Diabetes is a condition wherein the body either produces inadequate amounts of insulin or fails to utilize available insulin properly. An estimated 1 million Americans suffer from Type 1 diabetes, which develops in childhood. Another 15 million suffer from Type 2 diabetes, also known as adult-onset diabetes, which develops later in life. Symptoms generally include an imbalance of blood sugar levels and a high level of sugar excreted through the urine. Initial studies showed that cannabis has no effect on blood sugar levels. A recent test-tube study showed that very high doses of synthetic THC might aggravate diabetes, but that same research also indicates that continued use of cannabis creates a tolerance to the potential aggravation. No human studies have found that cannabis or synthetic cannabinoids contribute to symptoms of diabetes. At the same time, no human studies have been undertaken to prove or disprove the reports of long-term diabetics who claim that cannabis use causes an immediate lowering of abnormally high blood sugar levels. Some diabetics also claim that cannabis helps stabilize blood sugar levels and maintain mental stability or correct mood swings caused by fluctuating blood sugar levels. Separating the apparent blood sugar response from the anti-anorexic properties of cannabis is currently a matter for further investigation.

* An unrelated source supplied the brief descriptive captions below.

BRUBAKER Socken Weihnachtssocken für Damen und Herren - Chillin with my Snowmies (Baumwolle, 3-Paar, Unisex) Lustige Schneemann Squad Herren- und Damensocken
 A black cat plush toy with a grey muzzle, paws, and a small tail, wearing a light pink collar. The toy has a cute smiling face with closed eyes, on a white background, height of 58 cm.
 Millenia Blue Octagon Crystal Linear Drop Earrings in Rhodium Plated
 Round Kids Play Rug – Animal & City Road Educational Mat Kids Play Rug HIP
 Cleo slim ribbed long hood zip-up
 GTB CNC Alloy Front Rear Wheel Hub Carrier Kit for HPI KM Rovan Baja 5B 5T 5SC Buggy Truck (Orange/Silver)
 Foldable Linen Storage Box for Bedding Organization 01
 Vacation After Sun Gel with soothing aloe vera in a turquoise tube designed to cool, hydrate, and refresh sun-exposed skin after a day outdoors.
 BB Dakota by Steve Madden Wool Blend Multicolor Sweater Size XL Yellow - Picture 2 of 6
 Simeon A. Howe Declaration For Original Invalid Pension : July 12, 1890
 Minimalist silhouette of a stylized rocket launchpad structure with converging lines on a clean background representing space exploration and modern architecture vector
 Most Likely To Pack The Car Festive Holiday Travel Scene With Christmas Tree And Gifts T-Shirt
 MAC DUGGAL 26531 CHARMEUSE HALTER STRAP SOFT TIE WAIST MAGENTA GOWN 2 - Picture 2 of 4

Diabetics are frequently instructed to refrain from alcohol use because of its high caloric content. Cannabis may provide a psychologically valuable alternative to alcohol in stress reduction, a major factor in managing the potentially life-threatening symptoms of diabetes. Hence, cannabis may function in several ways to reduce and stabilize blood sugar levels for patients suffering from diabetes. However, regardless of mounting anecdotal evidence in medical practice, including medical testimony before a district court in California. No scientific papers have been published on the effectiveness of cannabis in treating diabetes.

While cannabis has been used as a replacement for insulin, diabetics are strongly advised to continue their physician’s prescribed treatment plan.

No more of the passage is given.